The official goal of Alcora Exercise was to investigate the processes and means by which a coordinated tripartite effort between the three countries could face the mutual threat to their territories in Southern Africa. The immediate goal was to face the African revolutionary movements that fought guerrilla wars against the Portuguese authorities in Angola and Mozambique, to limit the spread of the action of these movements in Rhodesia and South West Africa and to prepare the defense of the Portuguese, Rhodesian and South African territories against an expected conventional military aggression from the hostile governments of the African neighbor countries.[3]

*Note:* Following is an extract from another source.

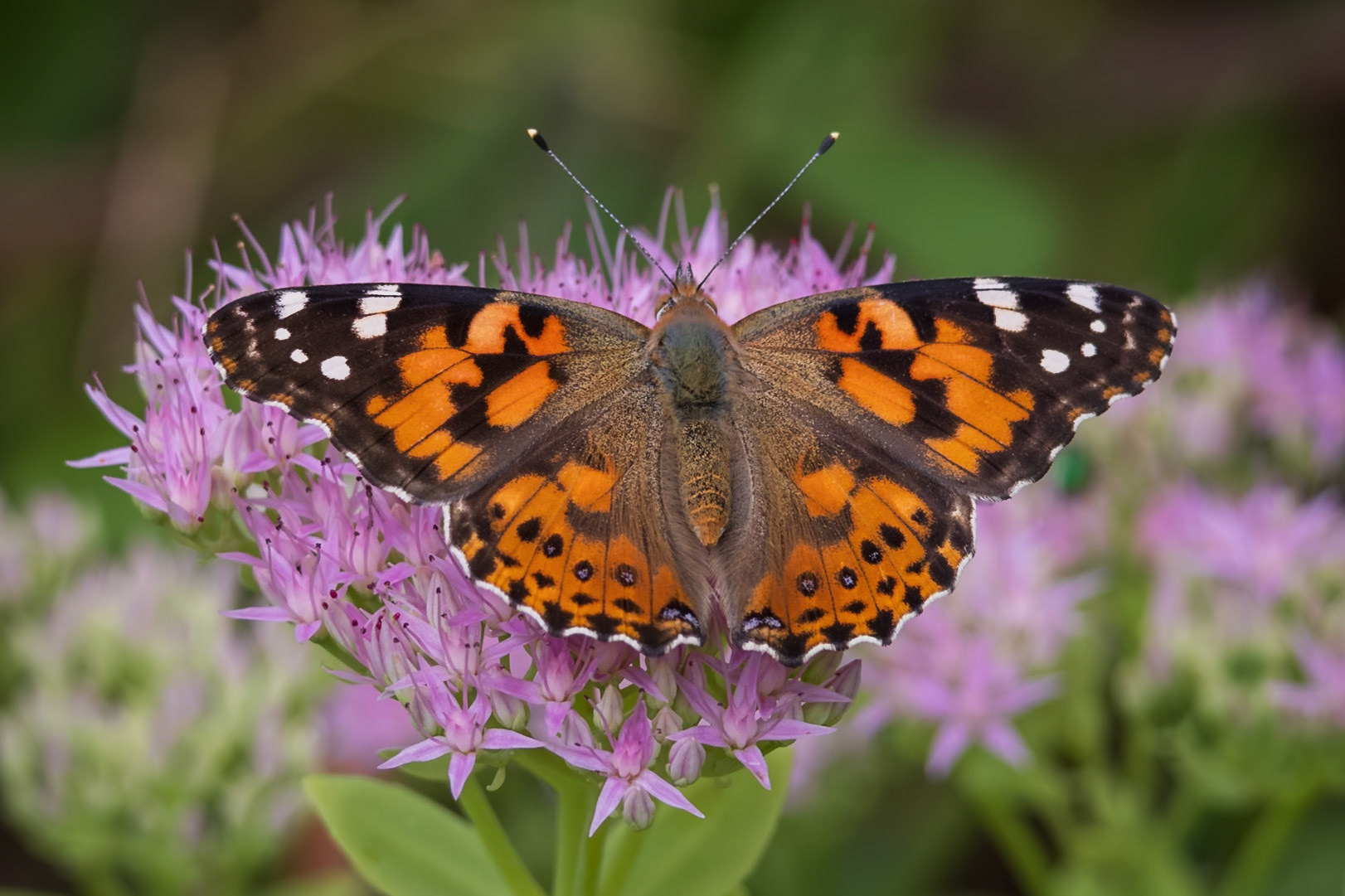 Painted Lady | Vanessa cardui | 20230921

Alcora was the formalization of informal agreements on military cooperation between the local Portuguese, Rhodesian and South African military commands that had been in place since the mid-1960s. Alcora was kept secret and referred to as an 'exercise' (not an alliance or treaty), mainly due to the pressure of the Portuguese government, that feared the external and internal political issues that would be raised if it appeared to be associated with the minority rule in Rhodesia and the apartheid government of South Africa, in contradiction to the official Portuguese doctrine of the existence of racial equality in Angola and Mozambique.[4]

Under Alcora, Portugal, Rhodesia and South Africa cooperated in the Angolan War of Independence, the Mozambican War of Independence, the Rhodesian Bush War and the South African Border War.[5]

The Alcora alliance collapsed due to the Portuguese Carnation Revolution of 25 April 1974 and the subsequent independence of Angola and Mozambique that followed.[6][7]